Furthermore, in actual projects, we have also encountered another important issue with registration centers called “notification storms.” Think about it, how many push messages will be generated when one node of a service changes? If your service has 100 callers and 100 nodes, changing one node will result in 100 * 100 = 10,000 data entries being pushed. If multiple service clusters go online or experience fluctuations at the same time, the registration center will push even more messages, severely consuming machine bandwidth resources. This is what I call a “notification storm.” So how do we solve this problem? You can consider the following approaches:

First, control the scale of the service cluster managed by a group of registration centers. There is no unified standard for the specific limitation, and you need to consider your business and the registration center options. The main criteria to consider is the peak bandwidth of the registration center servers.

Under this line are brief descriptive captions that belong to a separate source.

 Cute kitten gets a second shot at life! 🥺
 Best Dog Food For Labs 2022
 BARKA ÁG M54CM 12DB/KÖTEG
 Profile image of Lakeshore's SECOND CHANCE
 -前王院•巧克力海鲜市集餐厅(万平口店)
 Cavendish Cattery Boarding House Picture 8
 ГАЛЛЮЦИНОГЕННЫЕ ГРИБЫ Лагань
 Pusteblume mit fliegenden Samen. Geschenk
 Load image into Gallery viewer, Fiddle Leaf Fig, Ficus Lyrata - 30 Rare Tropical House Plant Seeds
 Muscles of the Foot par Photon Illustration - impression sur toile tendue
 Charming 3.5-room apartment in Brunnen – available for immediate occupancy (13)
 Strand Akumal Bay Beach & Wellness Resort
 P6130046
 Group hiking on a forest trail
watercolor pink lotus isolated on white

Secondly, you can solve this by scaling up the number of registration center nodes.

Thirdly, you can standardize the usage of the registration center. If it is only a change in a specific node, you only need to notify that node of the change information.

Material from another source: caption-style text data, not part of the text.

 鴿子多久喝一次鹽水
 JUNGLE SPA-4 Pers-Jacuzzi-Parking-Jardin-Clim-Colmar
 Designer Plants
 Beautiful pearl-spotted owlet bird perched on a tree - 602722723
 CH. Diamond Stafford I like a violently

Finally, if the registration center is self-built, you can add some protection strategies, such as stopping change notifications when the volume of messages reaches a certain threshold.

In fact, service registration and discovery, at its core, is one aspect of service governance. Service governance is essentially service management, which involves solving complex problems when multiple service nodes form a cluster. To help you understand, let me make a simple analogy.

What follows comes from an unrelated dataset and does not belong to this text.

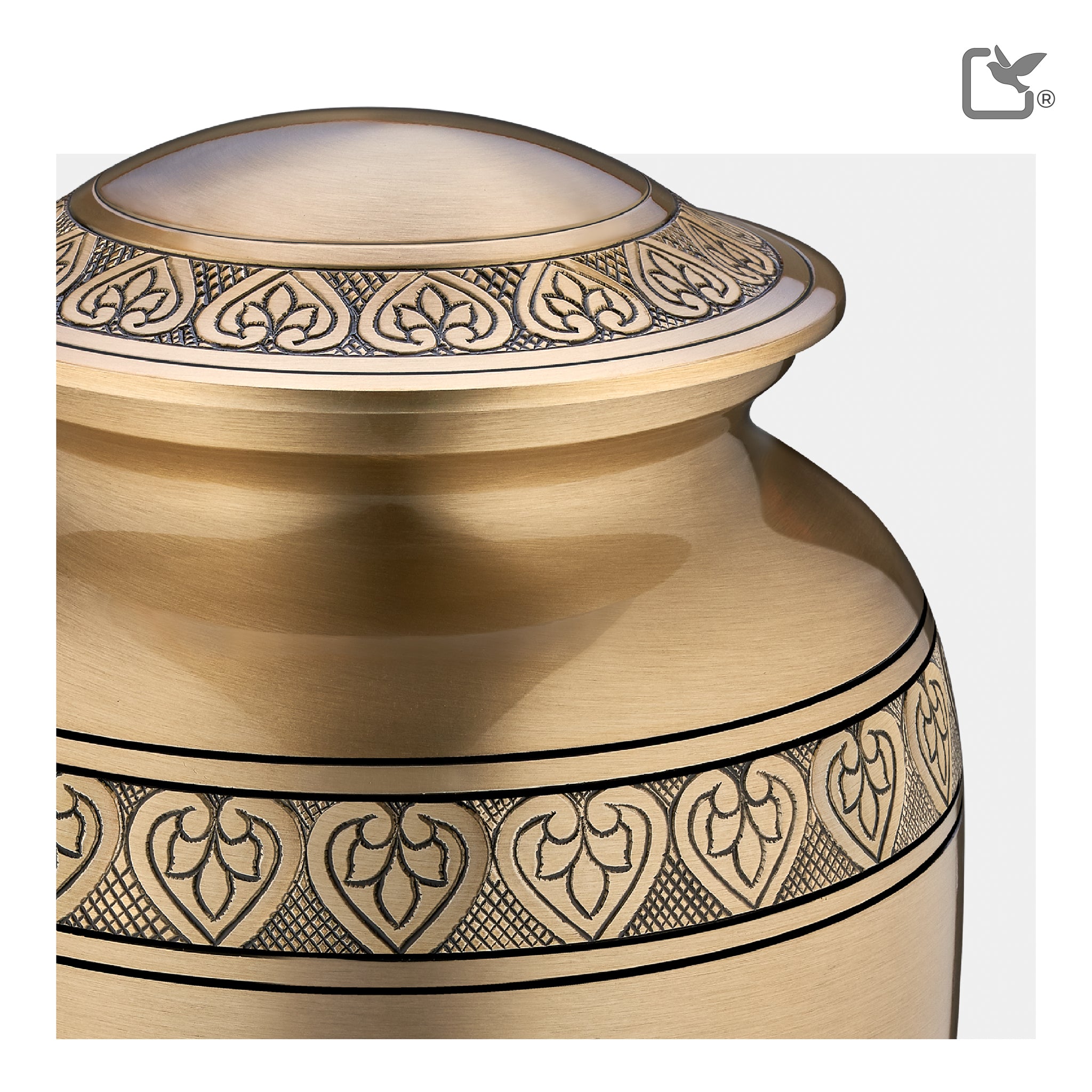 Infinity Gold Classic (Adult)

You can think of a cluster as a mini city, the roads as the services that make up the cluster, and the vehicles travelling on the roads as the traffic. Service governance is the management of the entire road network in the city.

If you build a new street (i.e., start a new service node), you need to notify all vehicles (i.e., traffic) that there is a new road to take. If you close a street, you also need to notify all vehicles not to use that road. This is the essence of service registration and discovery.

We install monitoring on the roads, tracking the flow of traffic on each road. This is service monitoring.

If a road becomes congested or requires maintenance, it needs to be temporarily closed. The city then coordinates the vehicles to divert traffic onto less congested roads. This is circuit breaking and traffic diversion.

The roads crisscross the city. If there is congestion on one road but it is clear from end-to-end, it means the problem is not on that road. In such cases, we need to investigate where the problem is on the entire road network. This is distributed tracing.

Different roads have different amounts of traffic. To manage this, we need police officers to direct the vehicles and tell them which road is quicker at a given time. This is load balancing.

These issues will be covered in more targeted lessons in the future.

Summary of the Course #

In this lesson, I introduced how the registry center in a microservices architecture implements service registration and discovery, and some pitfalls encountered during implementation. In addition, I also explained the meaning of service governance and some technical points we will discuss later. In this lesson, I want to highlight the following key points:

The registry center allows us to dynamically change the node information of RPC services, which is significant for dynamic scaling, quick recovery from failures, and graceful shutdown of services.
Heartbeat mechanism is a common way to probe service status, which can also be considered in practical projects.
We need to provide some protection strategies for the nodes managed by the registry center to avoid service unavailability caused by excessive node removal.

You can see that although the registry center is a simple and easy-to-understand distributed component, it plays a crucial role in the overall architecture and should not be ignored. In addition, its design scheme contains some system design techniques, such as the service status detection mentioned above and the graceful shutdown method, understanding the principles of the registry center will provide you with some ideas for your future development work.